Start of Data extract

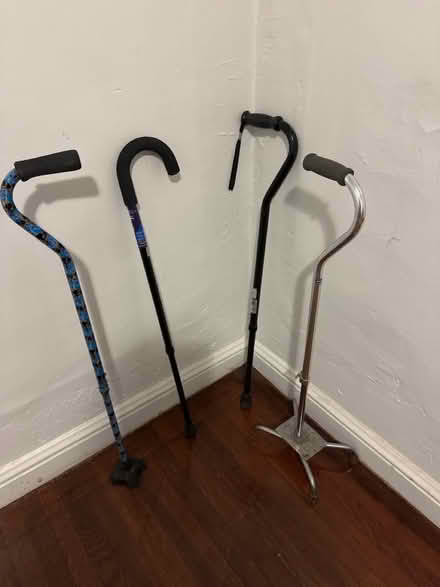 Photo of free Canes (Clason Point Bronx NY) #1
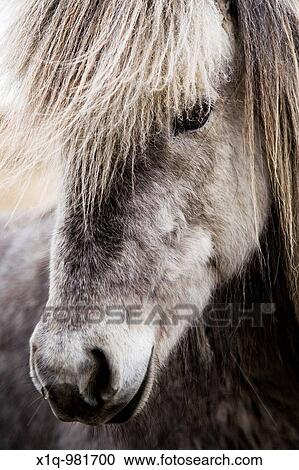 Icelandic horse South Iceland View Large Photo Image Stock Image - Icelandic horse South Iceland. Fotosearch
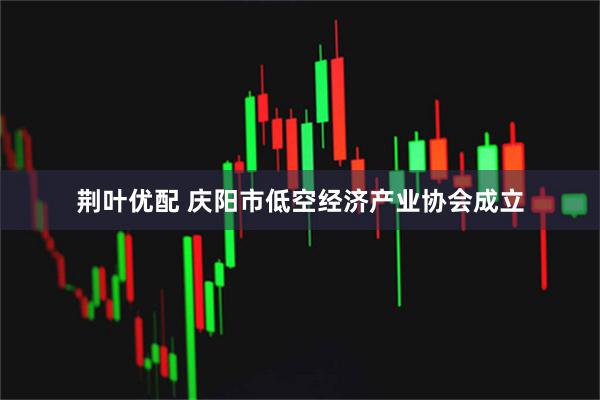 荆叶优配 庆阳市低空经济产业协会成立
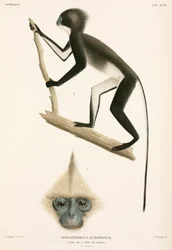 Affen, Sumatra, Indonesien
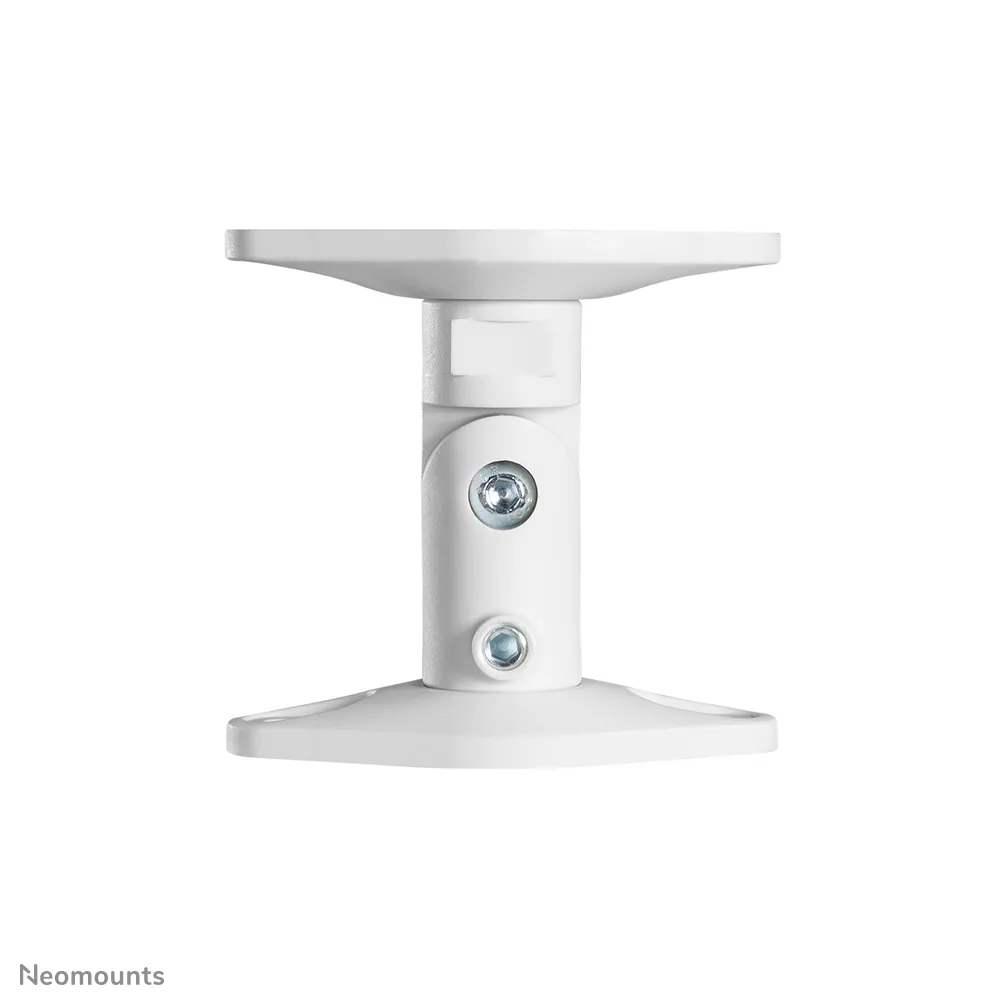 Speaker Wall- &amp; Ceiling Mount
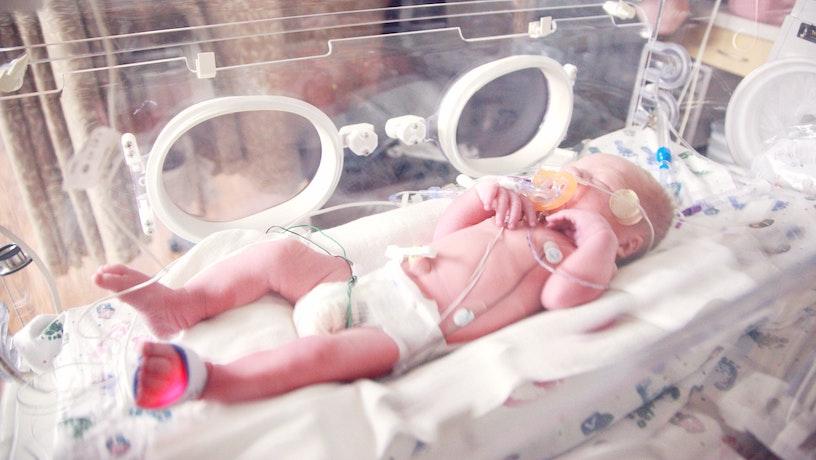 Newswise: New Machine Learning Tool Predicts Devastating Intestinal Disease in Premature Infants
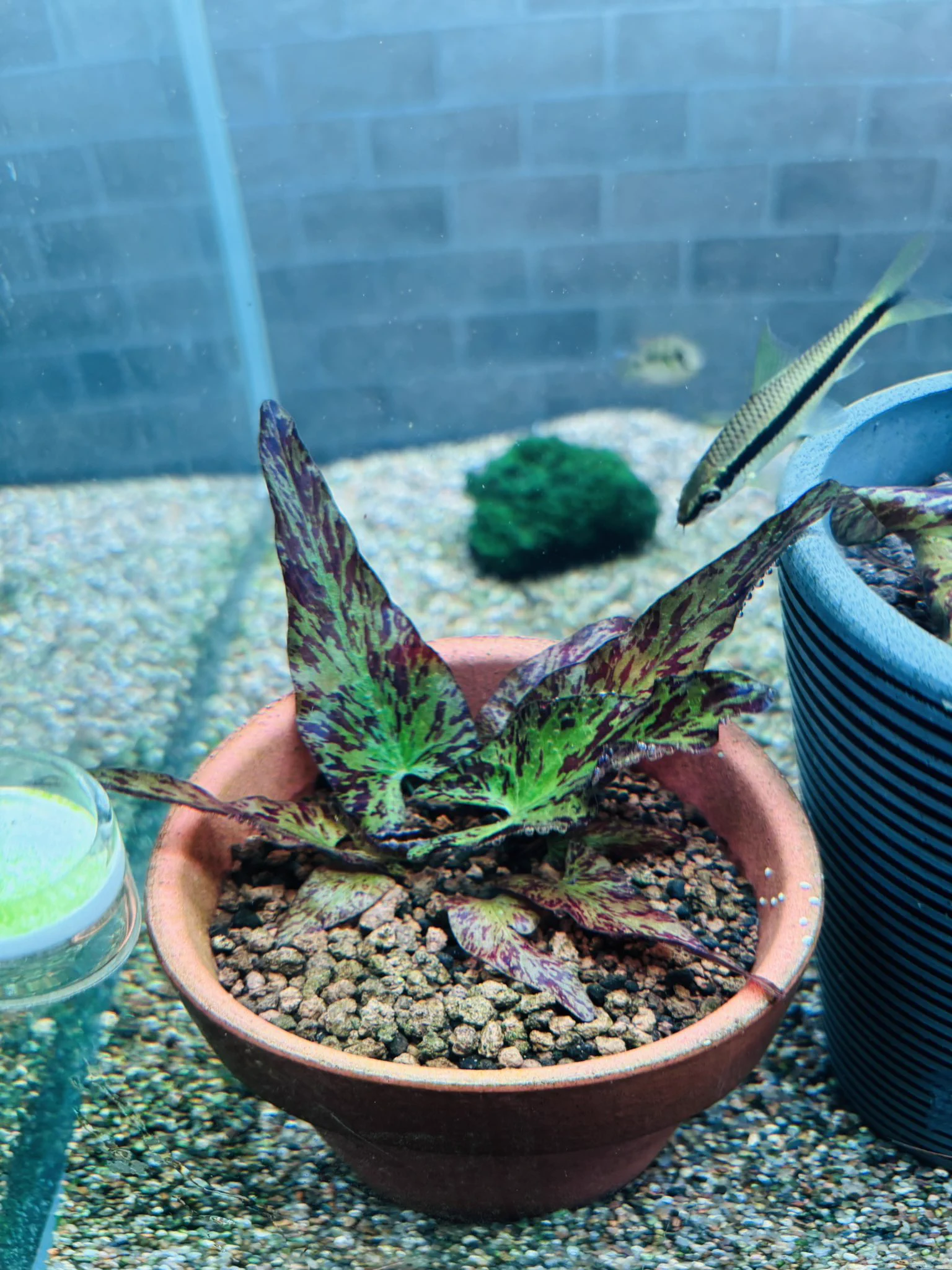 トキワ🌿 on X: 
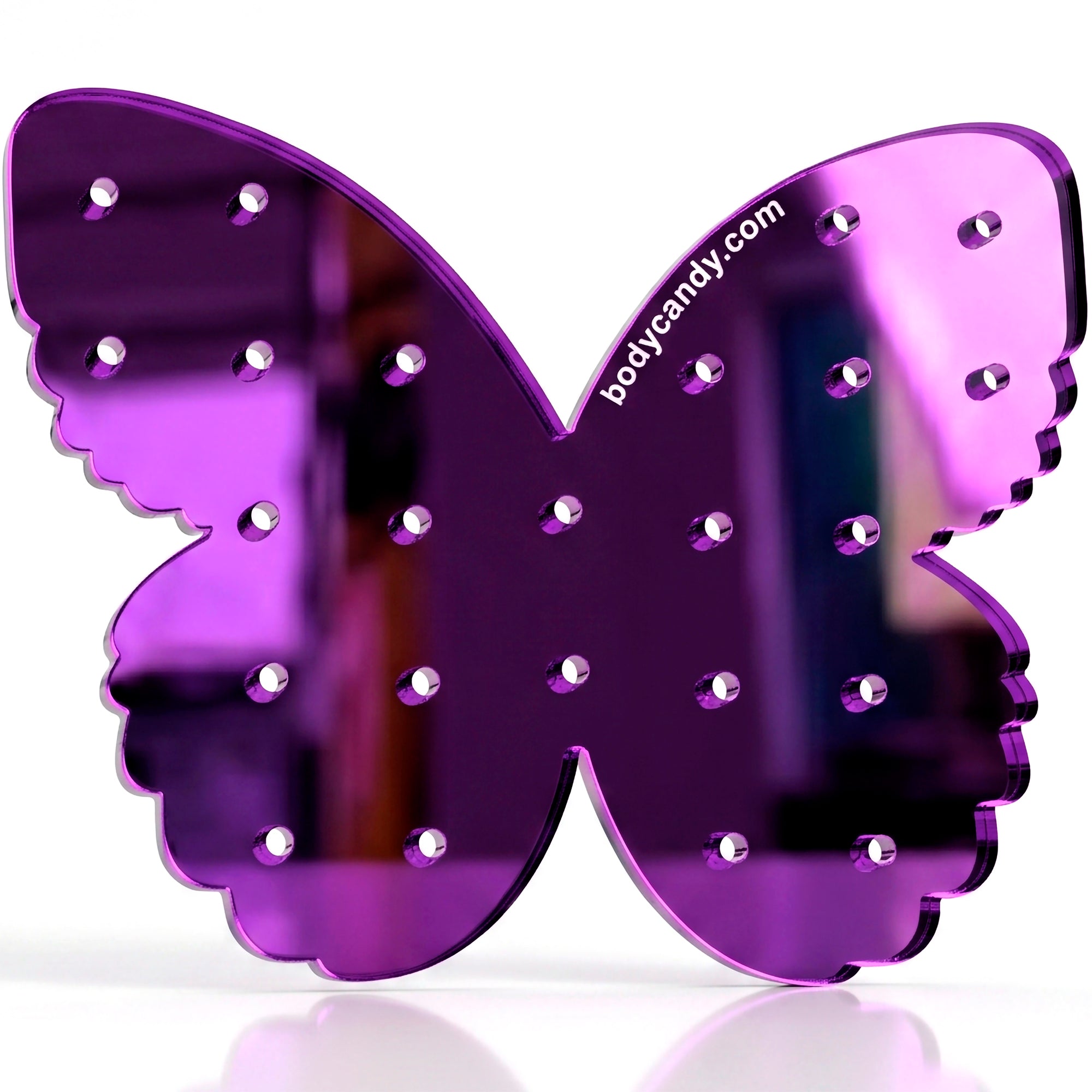 Purple Butterfly Travel Flat Back Earring Palette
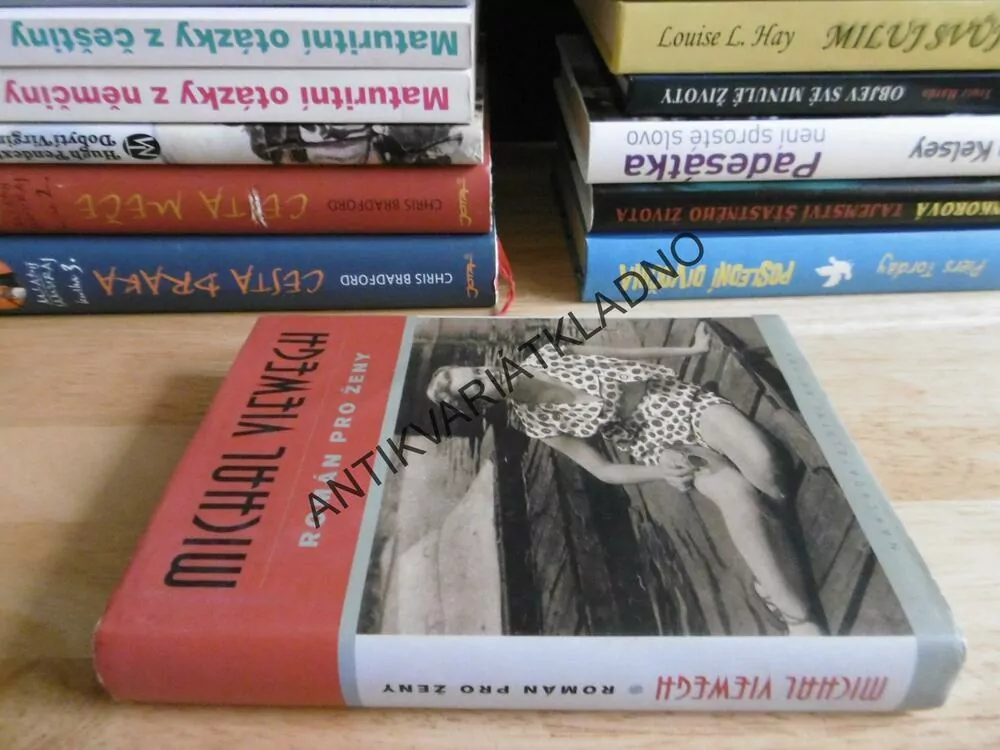 ROMÁN PRO ŽENY, MICHAL VIEWEGH, **an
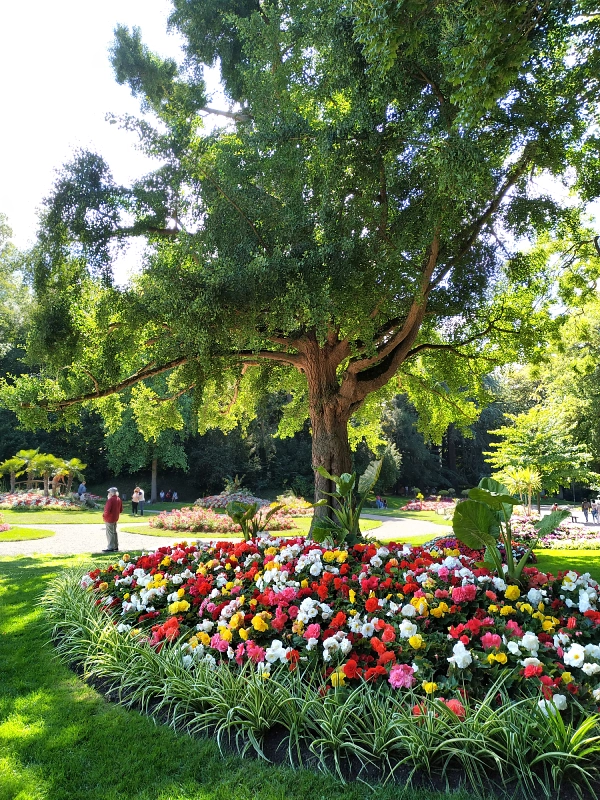fleurs dans le jardin publique de Saint-Omer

End of Data extract

→ **What to produce**
Transcribe the listing word for word, but keep its pictures out of the copy.

→ **Task solution**
 Photo of free Canes (Clason Point Bronx NY) #1
 Icelandic horse South Iceland View Large Photo Image Stock Image - Icelandic horse South Iceland. Fotosearch
 荆叶优配 庆阳市低空经济产业协会成立
 Affen, Sumatra, Indonesien
 Speaker Wall- &amp; Ceiling Mount
 Newswise: New Machine Learning Tool Predicts Devastating Intestinal Disease in Premature Infants
 トキワ🌿 on X: 
 Purple Butterfly Travel Flat Back Earring Palette
 ROMÁN PRO ŽENY, MICHAL VIEWEGH, **an
fleurs dans le jardin publique de Saint-Omer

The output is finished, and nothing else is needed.